The Ministry of the Left is definitively over. The Hon. Bonomi, who wanted to form it, did not succeed in his ungrateful endeavours, despite the fraternal help of the Hon. Turati, but above all the Popular Party has renounced you with their latest order of the day, in which many openings appeared because the liberal-nationalist Right passes you by.

The Popular Party realized that it was necessary not to push things to the extreme and that only by wanting to engage in ugly irony could one possibly think of forming a ministry of pacification, which began by declaring war on a not negligible part of the Parliament, not to mention the vast majority of the country. Since the Leftist ministry has been liquidated and the Nittian social-collaborationist attempt has been dismissed, it is time to recognize that these words of "Left" and "Right" no longer have any concrete meaning, or at least have a very different meaning than the pre-war one.
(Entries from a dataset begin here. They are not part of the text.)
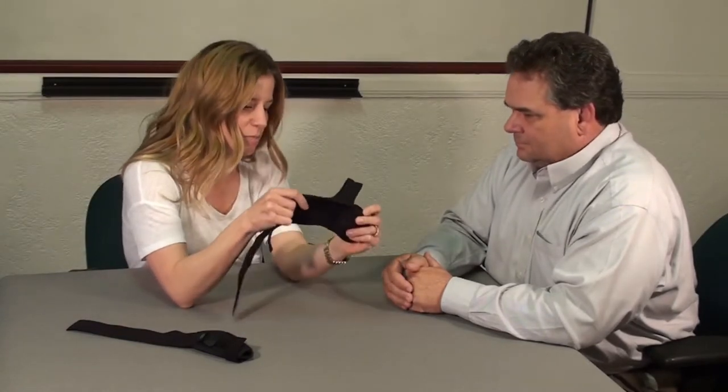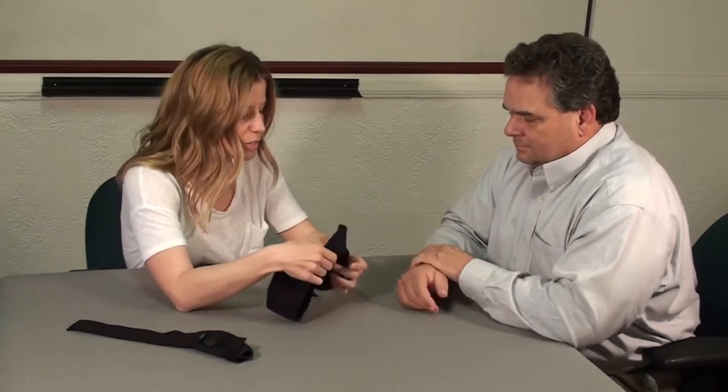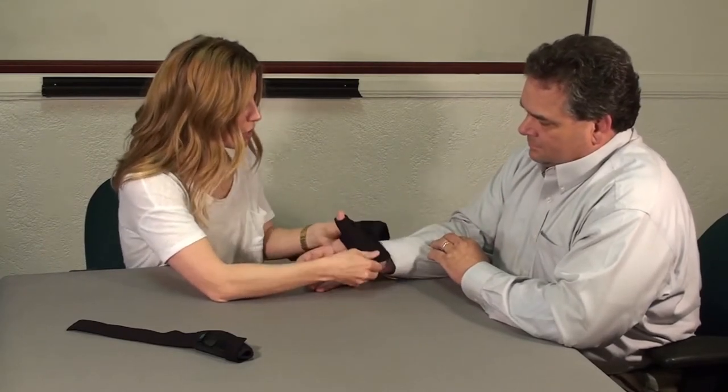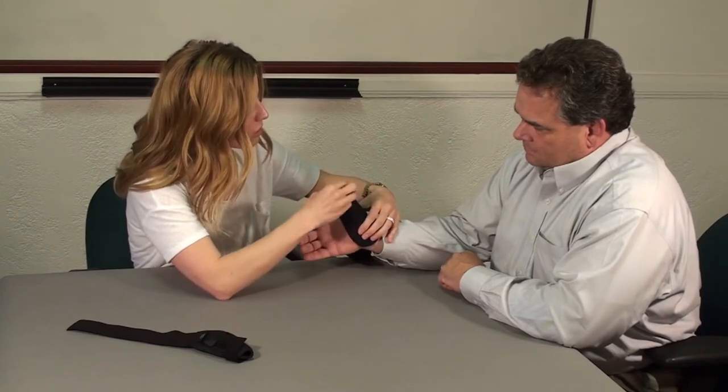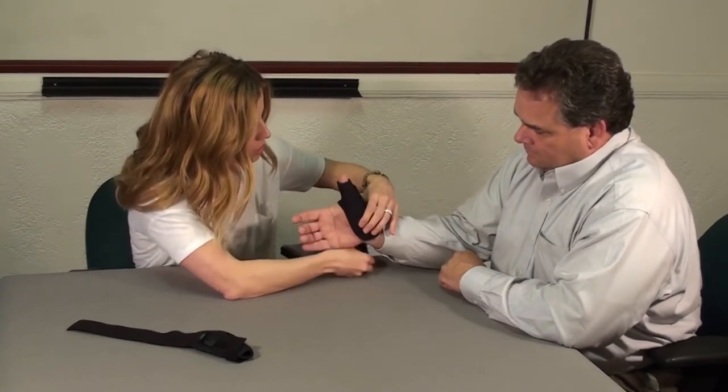This is what we call our MODAB thumb splint. You can see it's made out of a perforated neoprene — you can kind of see through it — so it's nice and cool. I'm going to slip your thumb in there. You'll notice it's long on your thumb, but not to worry, because this is trimmable. The construction allows for the IP to be trimmed, which is a nice feature.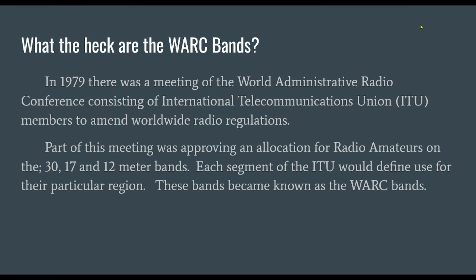What do you know about the work bands? That was a question that was asked of me, so let's go ahead and get started. Let's begin by asking: what the heck are the work bands?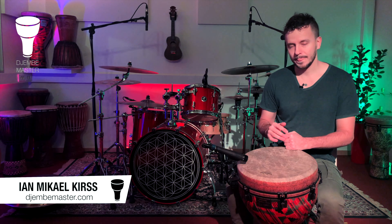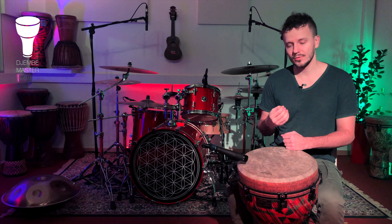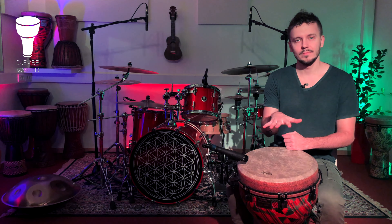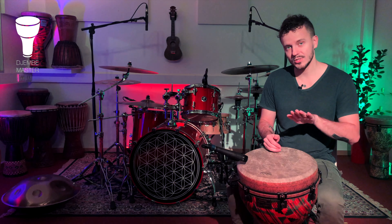The first reason I spread my fingers while hitting the djembe is because of sound quality. I find the sound to be just a bit more brighter and clearer when my fingers are spread — whether I'm playing the bass stroke or the slap stroke. In any case, my fingers are spread; they're not together.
Perhaps some might want to say that the Right is reactionary and the Left is revolutionary? Nothing could be more absurd. Fascism, which sits on the Right—although in fact we could be placed at the top of the Centre—is reactionary towards Socialism, which, even if it sits on the Left, is today typically bourgeois, one might even say conservative and reactionary. But Fascism, which sits on the Right, and is reactionary towards Socialism, is on the other hand revolutionary towards liberalism and the Liberal State, since Fascism wants to reduce the State to its necessary functions, wants to revive its hierarchies and at the same time denies the methods of liberal government.

Does this mean that the bourgeoisie is on the Right and the proletariat on the Left? Let's set aside for a moment the fact that the terms "bourgeoisie" and "proletariat" do not correspond to any concrete social reality; the fact is that the real bourgeois—namely those who are bourgeois in their habits, in their temperament, and with their wallets—all stand among the democracies, including those of the extreme Left. Is it not significant, for example, that yesterday Max Bondi and Luzzatto both belonged to social democracy, i.e. to reformist socialism? After that small episode of human history known as the World War, the old mental and political positions have been altered and overturned. It is not a paradox today to say that revolutionaries can be on the Right and reactionaries can be on the Left.

In short, these words do not have a fixed and immutable meaning: they have variables and are conditioned by the circumstances of time, place and spirit. We Fascists completely ignore these empty terms and above all despise those who are terrified by these words. These frightened fools abound especially in Parliament. That's why no ministry has been formed yet. That's why, almost certainly, there will be no government.